String concatenation is a little trickier. In a JIT'ed language you have a lot of options for making a hierarchy of string implementations that optimize different usage patterns, and still be fast - and what you really want for concatenation is a RopeString, like JS VMs have, that simply references the other strings. The issue is that you don't want virtual calls for hot-path string method calls.

Java chose a single final class so all calls are direct. But they should have been able to have a very small sealed class hierarchy where most methods are final and directly callable, and the virtual methods for accessing storage are devirtualized in optimized methods that only ever see one or two classes through a call site.

To me, that's a small complexity cost to make common string patterns fast, instead of requiring StringBuilder.

5 comments

It's interesting to see how something like Common Lisp handles the format issue.

In CL, there's a general infrastructure called "compiler macros" that is intended as a hint to the compiler to expand calls as macros at compile time. The macro is also allowed to just leave the form unexpanded, in which case it defaults to an unexpanded function call. And the function can be turned into a value itself and passed around, even if the compiler macro exists.

For CL's format, this means an implementation will typically have a compiler macro (or some similar mechanism) that does an expansion if the format is a string constant.

CL also has a function called formatter that takes a format string and returns a function that acts like (lambda (&rest args) (apply #'format <the format string> args).

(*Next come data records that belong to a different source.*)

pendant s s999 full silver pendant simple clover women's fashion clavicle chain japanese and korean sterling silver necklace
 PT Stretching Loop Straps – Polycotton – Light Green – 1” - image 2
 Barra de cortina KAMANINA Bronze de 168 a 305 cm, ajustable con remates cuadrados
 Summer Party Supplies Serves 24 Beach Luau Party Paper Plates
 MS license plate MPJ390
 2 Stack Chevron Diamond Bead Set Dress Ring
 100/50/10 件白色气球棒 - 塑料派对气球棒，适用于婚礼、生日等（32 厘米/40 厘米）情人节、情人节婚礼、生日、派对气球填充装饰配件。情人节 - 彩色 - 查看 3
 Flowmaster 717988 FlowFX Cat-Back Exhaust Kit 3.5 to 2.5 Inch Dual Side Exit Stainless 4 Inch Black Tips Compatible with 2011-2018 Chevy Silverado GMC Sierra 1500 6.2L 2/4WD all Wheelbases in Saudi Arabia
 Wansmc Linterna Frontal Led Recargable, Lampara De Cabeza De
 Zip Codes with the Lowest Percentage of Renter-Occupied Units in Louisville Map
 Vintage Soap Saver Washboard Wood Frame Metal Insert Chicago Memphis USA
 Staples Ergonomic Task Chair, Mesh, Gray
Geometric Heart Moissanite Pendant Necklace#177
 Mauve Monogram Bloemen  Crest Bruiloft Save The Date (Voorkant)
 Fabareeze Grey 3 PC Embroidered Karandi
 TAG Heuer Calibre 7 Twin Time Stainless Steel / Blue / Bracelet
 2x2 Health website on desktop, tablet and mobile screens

This function can be implemented as something that expands the format string into code and then compiles the code.

The mechanisms in CL would allow a user to implement the equivalent of a format compiler macro (and formatter) even if the implementation didn't provide them.

> But ultimately the string templates proposal should come back and fix this at the language level.

They tried, its opponents dilluted it to the point of uselessness and now will forever use this failed attempt as a wedge.

I'm sorry, I don't believe Java will get sensible String templates in our life time.

Yeah, Java is pretty fast despite the fact that it still has these kinds of obviously suboptimal things going on.

I love how Zig, D and Rust do exactly what you say: parse the format string at compile time, making it super efficient at runtime (no parsing, no regex, just the optimal code to get the string you need).

I say this but I write most of my code in Java/Kotlin :D . I just wish I could write more low-level languages for super efficient code, but for what I do, Java is more than enough.

Kotlin string interpolation turns into the fancy invokedynamic based string concatenation behind the scenes so it's very optimized: https://openjdk.org/jeps/280
I admire Rich Hickey's approach of building on top of the Java ecosystem for this reason, adding a functional first approach with emphasis on data structures, where using the right algorithms comes naturally.
> Zig, D and Rust

Also C++, which works the same way.

Sometimes running strace on jvm software you will see some sycall patterns that are incredibly inefficient.
Perhaps something like zig’s comptime would help a bit.